Las fiestas del pueblo

Durante las vacaciones de aquella época no había mayor ilusión, especialmente para los más pequeños, que poder ir al Cristo, es decir, a las fiestas patronales del pueblo. Por aquel entonces, desde luego, pocas vacaciones había, pero no había nadie que faltara. Los que vivían allí aparcaban hasta el ganado para disfrutar unos días, y los que ya habían decidido hacer las maletas e irse a la capital se las arreglaban como fuese para no faltar a la cita. Y es que, cuando llegaban aquellos días, todo cambiaba hasta de color.
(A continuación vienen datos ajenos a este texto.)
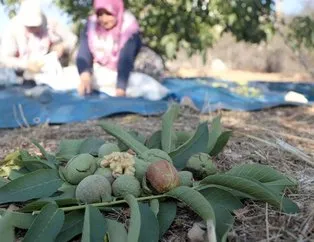 Maraş’ın cevizi 25 ülkeye gidiyor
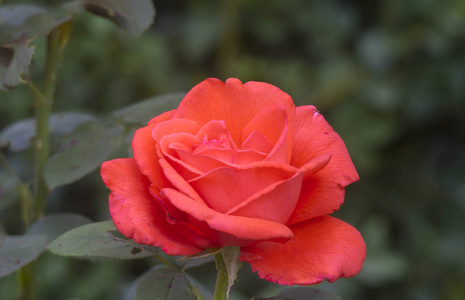 美丽芬芳的红玫瑰特写相似素材图片 摄图新视界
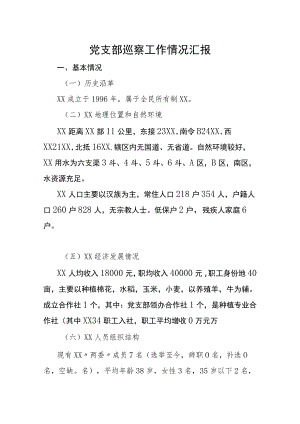 党支部巡察工作情况汇报.docx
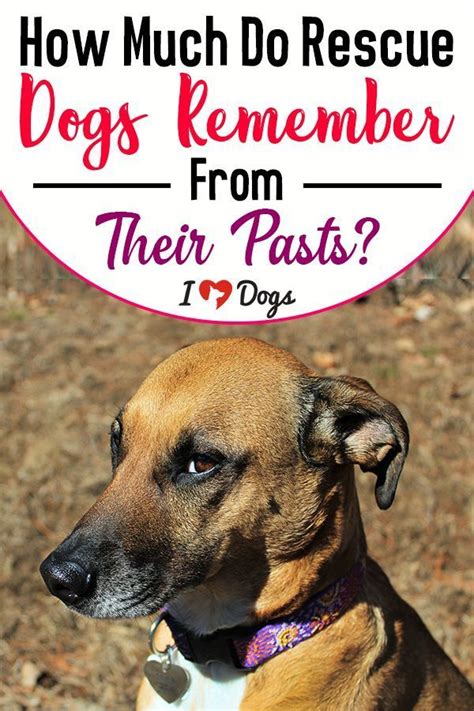 Do rescue dogs have problems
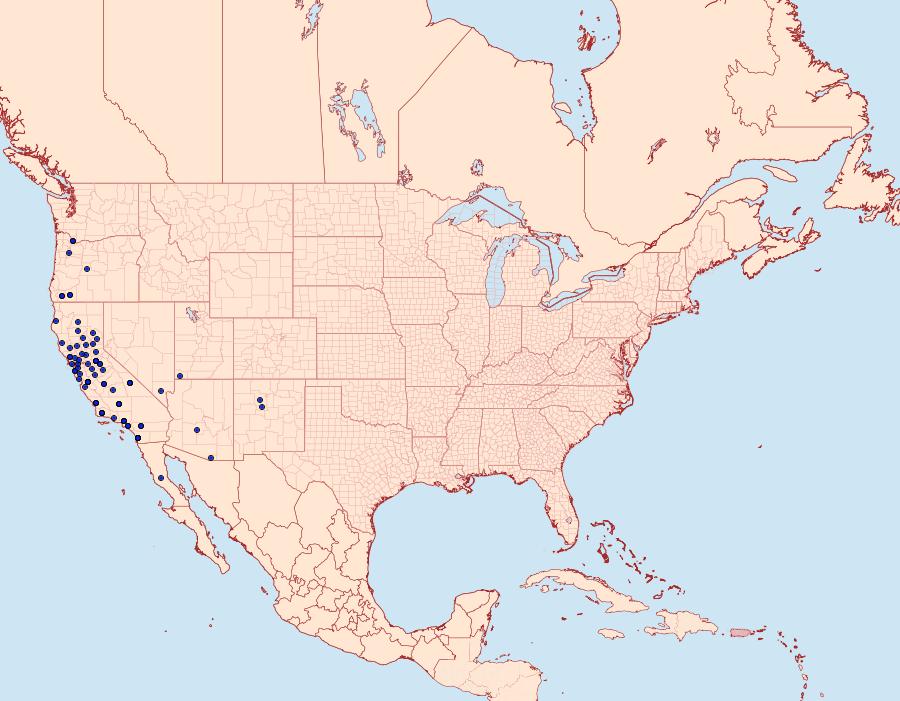 Distribution Data for Lacinipolia quadrilineata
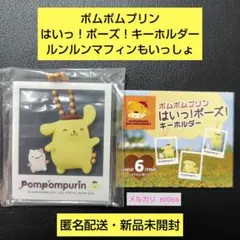 ポムポムプリン はいっ！ポーズ！キーホルダー ルンルンマフィンもいっしょ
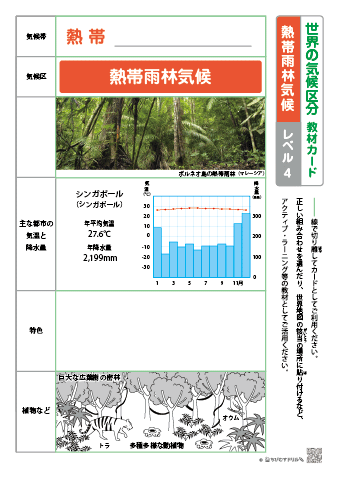 世界の気候区分 教材カード【レベル４】－熱帯雨林気候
Era como si solo entonces se pudieran hacer cosas que luego desaparecían. Los pequeños, por ejemplo, enloquecían al ver aquellos carritos de ruedas con helados de vainilla, chocolate, fresa y nata, y barquillos con forma de barquito o de cucurucho, que era una delicia casi extrasensorial. Y cómo no ensimismarse cuando se montaban en los tiovivos, la noria o los caballitos, que entonces les parecían la mayor de las aventuras aeronáuticas. Tampoco faltaban, por supuesto, las procesiones del Cristo, con todo el pueblo respetuosamente tras él. Los ricos del pueblo, claro, delante, con sus calcetines y sandalias blancas y sus vestidos emperifollados; los menos pudientes a continuación, bien ataviados con sandalias de color y calcetines tostados, y vestidos de «vichy» con más o menos adorno. Detrás de todos, los pobres, con alpargatas y zapatos reservados para días muy festivos. Pero todo se olvidaba al compás de la banda de tambores y cornetas, al apagarse la tarde y bailar con entusiasmo algún que otro pasodoble o, ya caída la noche, maravillarse viendo el castillo de fuegos artificiales, que parecían iluminar el universo.